While the game remains faithful to the source material, there are a handful of modern conveniences that were added to accommodate new players. The biggest one in my eyes is the auto save, as I can’t count how many times I’ve gone back to older RPG’s and forgotten to save regularly, only to lose hours of progress to an untimely demise. A mini-map helps to track your progress at a glance and a full on world map can be pulled up from the system menu to see where you are in the world. This is especially helpful considering the game can be quite vague in how it wants you to progress, often only delivering a sentence or two from random townsfolk indicating your goal. There’s even one clue that you can only obtain from an NPC that he’ll only tell you by delivering an item to him that’s a rare drop from an enemy. Walkthroughs for the original game match up almost perfectly though save for a few name changes, so it’s not as if you couldn’t find your way if you become hopelessly lost.
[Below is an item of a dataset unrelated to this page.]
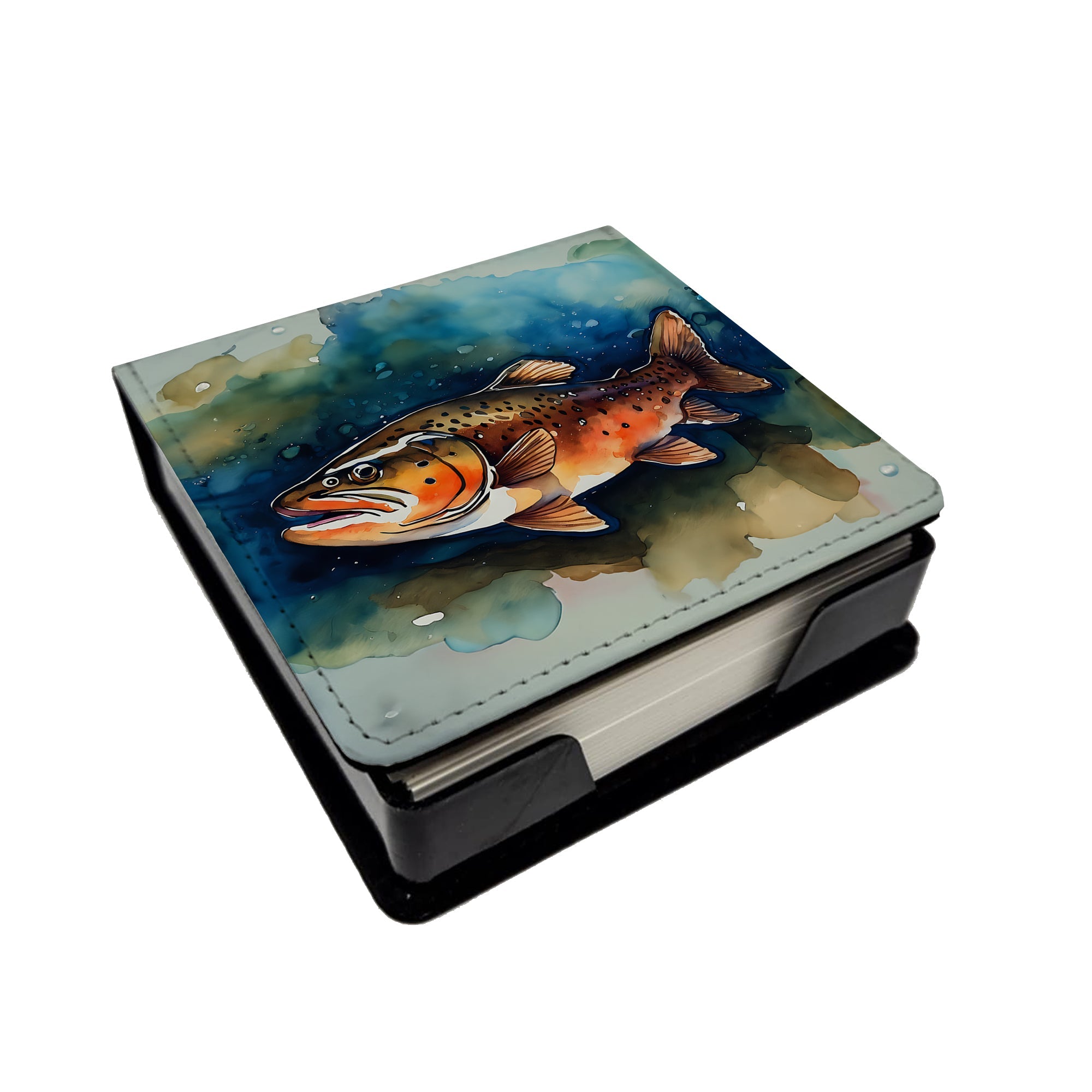 Brown Trout PU Leather Note Paper Holder with Artist-Designed Cover, Desk Accessory, Office Gift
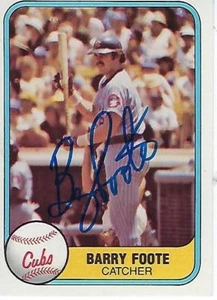 PIE BARRY FIRMADO 1981 FLEER #313 - CUBS CHICAGO - Imagen 1 de 1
Adventures of Mana is truly the definitive edition of the original Seiken Densetsu/Final Fantasy Adventure. It’s practically identical to the 1991 title, for better or for worse, though the visual and mild mechanical enhancements make for more palatable experience for a 2016 audience. I enjoyed every minute of it, warts and all, and would highly recommend it to anyone looking for a solid retro experience. And the price certainly doesn’t hurt either.
Short Attention Span Summary
Adventures of Mana is a 3D remake of the 1991 classic Final Fantasy Adventure. It retains all the same quirks of the original, while improving upon the presentation and including modern conveniences, such as auto save and a mini-map. But because it’s so purposely retro, it may turn away prospective newcomers on account of some of the more dated aspects of it, such as the cliche narrative and deciphering vague clues to figure out where to head next. That said, this is the definitive version of the game and those looking for an old school fix at a reasonable price would be well served by picking it up.